Saved entries:
-- Opening Marker --
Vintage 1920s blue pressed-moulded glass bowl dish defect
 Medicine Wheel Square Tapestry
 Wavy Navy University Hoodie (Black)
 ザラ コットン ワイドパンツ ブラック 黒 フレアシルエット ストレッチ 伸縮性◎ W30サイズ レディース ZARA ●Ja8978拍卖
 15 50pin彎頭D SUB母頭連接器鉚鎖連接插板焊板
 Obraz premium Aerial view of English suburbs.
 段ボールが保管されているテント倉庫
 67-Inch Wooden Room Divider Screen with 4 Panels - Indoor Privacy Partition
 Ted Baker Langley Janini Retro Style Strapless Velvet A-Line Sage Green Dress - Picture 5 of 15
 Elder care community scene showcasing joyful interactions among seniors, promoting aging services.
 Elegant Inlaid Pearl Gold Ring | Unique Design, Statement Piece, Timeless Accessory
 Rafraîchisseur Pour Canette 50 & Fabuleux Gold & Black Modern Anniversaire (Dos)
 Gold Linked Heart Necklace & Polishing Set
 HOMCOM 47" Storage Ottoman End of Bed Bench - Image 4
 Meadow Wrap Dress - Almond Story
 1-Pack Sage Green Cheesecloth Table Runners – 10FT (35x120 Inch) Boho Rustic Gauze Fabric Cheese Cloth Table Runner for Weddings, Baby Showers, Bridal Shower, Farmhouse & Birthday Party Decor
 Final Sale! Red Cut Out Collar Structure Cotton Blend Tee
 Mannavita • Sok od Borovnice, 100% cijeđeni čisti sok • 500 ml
-- Closing Marker --
ABOUT THIS EXERCISE >>
Word for word, repeat the data from its first line through the line with "Elder care community", including both of those lines and no others.

EXERCISE OUTPUT >>
Vintage 1920s blue pressed-moulded glass bowl dish defect
 Medicine Wheel Square Tapestry
 Wavy Navy University Hoodie (Black)
 ザラ コットン ワイドパンツ ブラック 黒 フレアシルエット ストレッチ 伸縮性◎ W30サイズ レディース ZARA ●Ja8978拍卖
 15 50pin彎頭D SUB母頭連接器鉚鎖連接插板焊板
 Obraz premium Aerial view of English suburbs.
 段ボールが保管されているテント倉庫
 67-Inch Wooden Room Divider Screen with 4 Panels - Indoor Privacy Partition
 Ted Baker Langley Janini Retro Style Strapless Velvet A-Line Sage Green Dress - Picture 5 of 15
 Elder care community scene showcasing joyful interactions among seniors, promoting aging services.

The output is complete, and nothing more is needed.